Highlights & Insights¶
- Innovation in Learning Dynamics: By analyzing the impact of single-step gradient updates, the paper precisely identifies the essential difference between EX-RM (representation-focused) and IM-RM (token-dependent). This perspective is elegant and explanatory, far exceeding the intuitive "generation-verification gap" argument.
- Counter-intuitive Refutation: Theorem 1 combined with the Hamiltonian Cycle experiments cleanly refutes the popular "generation-verification gap" hypothesis.

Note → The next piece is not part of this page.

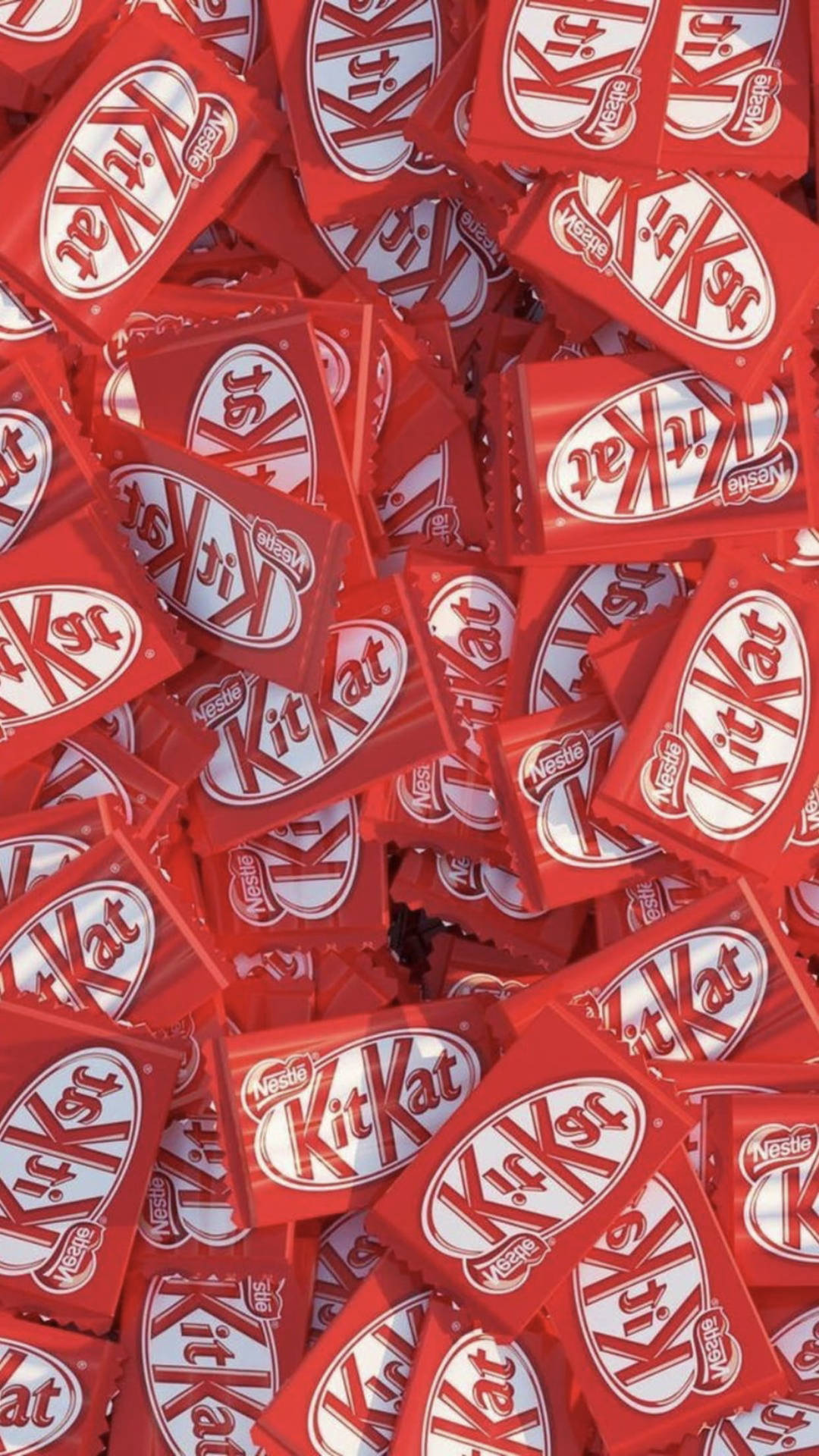 堆疊的 KitKat 巧克力 壁紙 — 無數紅色KitKat朱古力棒堆疊在一起，形成一個混亂而甜蜜誘人的特寫。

- Theoretical Explanation for Paraphrase Failure: The discovery that the sign of the \(\rho_{k,l}\) coefficient depends on token matching can guide DPO practices—for example, including paraphrased pairs in DPO training sets might mitigate IM-RM fragility.
- New Perspective on RLHF vs DPO: Provides a new theoretical explanation (token-level overfitting) for why DPO may be weaker than RLHF, complementing existing "generation-verification gap" explanations.

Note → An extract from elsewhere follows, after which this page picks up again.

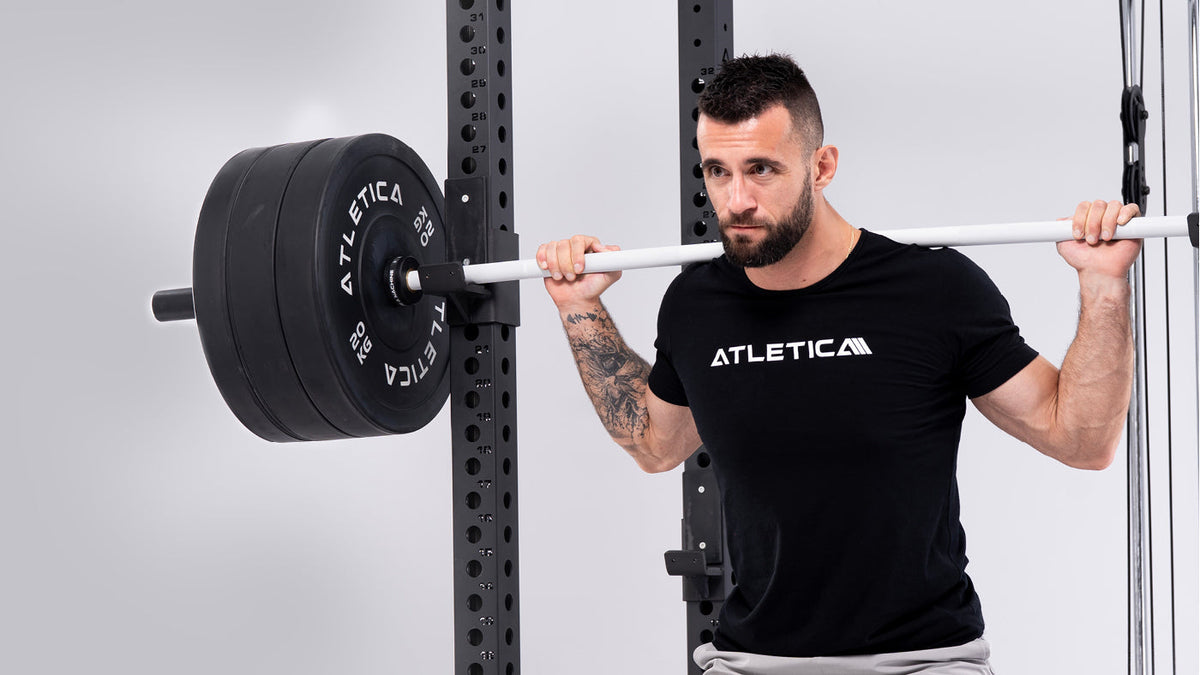 Back squat on the R8 Blackhawk Power Rack with a white barbell and black Bumper Plates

Limitations & Future Work¶
- Theoretical analysis assumes fixed hidden representations (Assumption 1) and single-token responses (Assumption 2). Although experiments verify the conclusions, more general theoretical guarantees are still missing.
- The study focuses primarily on accuracy as a metric and does not explore the downstream impact of reward models during actual RL training.
- While IM-RM was found to potentially outperform EX-RM in domain shifts, the reasons were not analyzed in depth—when should one choose IM-RM?
- Future Directions: Can a "token-invariant" IM-RM training method (such as data augmentation via paraphrasing during DPO) be designed to bridge the generalization gap?
Related Work & Insights¶
- vs DPO (Rafailov et al., 2023): Since DPO is essentially an IM-RM, this paper reveals a key reason why its generalization is weaker than RLHF (which trains an EX-RM before RL optimization).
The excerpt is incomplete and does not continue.